# How to become a member



## sunnyfq320 (Jan 29, 2014)

Hi how do I become a member so I can post in for sale section ect... As I've just posted wheels for sale but has now been deleted.

Thanks


----------



## Silver R (Apr 23, 2013)

How many posts do you have?


----------



## sunnyfq320 (Jan 29, 2014)

Not many had a msg from one of the guys saying I need 50 post which I'm no where near that. Is there no way to become a paid member like the MLR Forum which I'm on

Thanks


----------



## evogeof (Aug 3, 2014)

I can vouch for sunny he's a good lad just don't go to rotterdam with him :chuckle:


----------



## sunnyfq320 (Jan 29, 2014)

Lol get your car ready for next year we will go again


----------



## CT17 (Mar 25, 2011)

sunnyfq320 said:


> Not many had a msg from one of the guys saying I need 50 post which I'm no where near that. Is there no way to become a paid member like the MLR Forum which I'm on
> 
> Thanks


The paid membership is to the GTROC, but the forum is the GTR register.
They aren't the same thing, but enjoy a relationship.

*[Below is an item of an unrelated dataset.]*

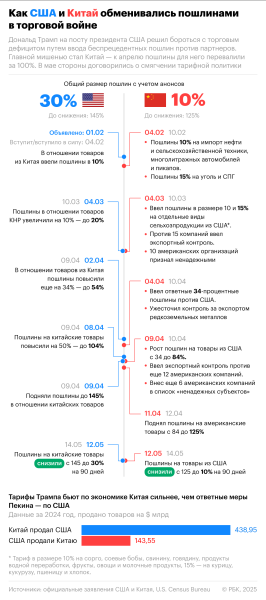 Reuters назвал страну, где игнорируют угрозы санкций США против России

So you can't buy your way into a selling position.


----------



## evogeof (Aug 3, 2014)

sunnyfq320 said:


> Lol get your car ready for next year we will go again


Are you taking the urine you know I ain't got one yet :chuckle:
You going this year?? Ide do it different if I went again Prob go a day earlier and stop a day later and maybe a hotel in rotterdam not in the middle of no where


----------



## sunnyfq320 (Jan 29, 2014)

You'll have one soon buddy. Not going this year plus i cant win all the trophies will let others have a chance lol. Will be back next year....


----------



## evogeof (Aug 3, 2014)

sunnyfq320 said:


> You'll have one soon buddy. Not going this year plus i cant win all the trophies will let others have a chance lol. Will be back next year....


Plus that plastic cars going this year on a trailer :chuckle:


----------



## sunnyfq320 (Jan 29, 2014)

Lol Trailer queen


----------



## TAZZMAXX (Mar 9, 2010)

There is no payment for membership to the forum but you do need to get to 50 posts without spamming. Any more than 10 or so shit posts in a day get canned. They're the rules really, you can't just dive in and post up a for sale thread as we like to get to know people first. It's not foolproof as a means of preventing fraud but it helps.

Welcome to the forum:thumbsup:


----------



## sunnyfq320 (Jan 29, 2014)

Cheers will get my posts up. In the meantime will get someone to advertise for me


----------



## TAZZMAXX (Mar 9, 2010)

sunnyfq320 said:


> Cheers will get my posts up. In the meantime will get someone to advertise for me


That's fine (although it's not strictly allowed - again, see the rules) but they will have to take responsibility for all eventualities of the sale, comeback, complaints etc. etc. etc.

I'm sure you get the picture.


----------



## sunnyfq320 (Jan 29, 2014)

Yes that's fine ***128077;


----------